Monday, February 05, 2018

Eagles Players Are Already Refusing White House Visit

Eagles player, Chris Long
Resistance to Der Trumpenführer takes many forms and just hours after last night's welcomed triumph over the New England Patriots, several players for the victorious Eagles have announced that they will boycott the traditional visit to the White House which is now occupied by an individual with about as much moral character as Emperor Palpatine from the Star Wars franchise. I applaud the boycott and believe that every patriotic American has a duty to do all in their power to minimize the normalization and legitimacy of the Trump/Pence regime which is nothing less than a blight on the nation.  A piece in New York Magazine looks at the boycott which will surely grow: 
For Americans who are not fans of the New England Patriots or their favorite politician, Super Bowl LII was a relief; unlike last year, they did not have to watch Tom Brady claw his way back to a victory, while simultaneously experiencing flashbacks of election night 2016. But politics was still present at the big game, from the outrage over Dodge using a Martin Luther King Jr. speech to sell trucks to Breitbart’s decision to mark the occasion with a racist tweet.
President Trump broke with a decade of tradition, opting not to give NBC a pre-Super Bowl interview (possibly because it’s one of his most hated networks). Of course, he could not resist the urge to reference one of his favorite controversies . . . . Trump did manage to briefly act like a normal president after the game, congratulating the Eagles without lamenting his pal Tom Brady’s loss.

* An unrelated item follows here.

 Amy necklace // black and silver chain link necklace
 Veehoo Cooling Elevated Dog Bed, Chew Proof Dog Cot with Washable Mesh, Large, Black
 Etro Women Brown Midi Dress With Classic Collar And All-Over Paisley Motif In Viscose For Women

But there’s no offseason for Trump’s feuds. Several Eagles players have already said they intend to boycott the winning team’s traditional trip to the White House.
No one on the Eagles sat or knelt during the national anthem this season, but several players raised their fists in protest, including Malcolm Jenkins, Torrey Smith, and Rodney McLeod. Jenkins led the Players Coalition, which secured a commitment from the NFL to provide $89 million over seven years to groups fighting inequality.
Chris Long, who is white, voiced support for his teammates’ protests throughout the season. “For me, being from Charlottesville, no one wants to see you sit idly by and watch that stuff happen and not say anything,” Long said in the aftermath of the deadly white supremacist demonstration in his hometown. “And I wish there was more categorical denial from some very important people in this country who have had the opportunity to strike it down but didn’t.”
Last week Long became the first Eagles player to announce he would boycott the celebration with Trump. “No, I’m not going to the White House,” he said on the Pardon My Take podcast. “Are you kidding me?”
[P]lenty of players decided to boycott Trump last year, even before he spent half a season accusing NFL players of being unpatriotic for exercising their right to protest. The list of players boycotting this year’s White House event will almost certainly grow.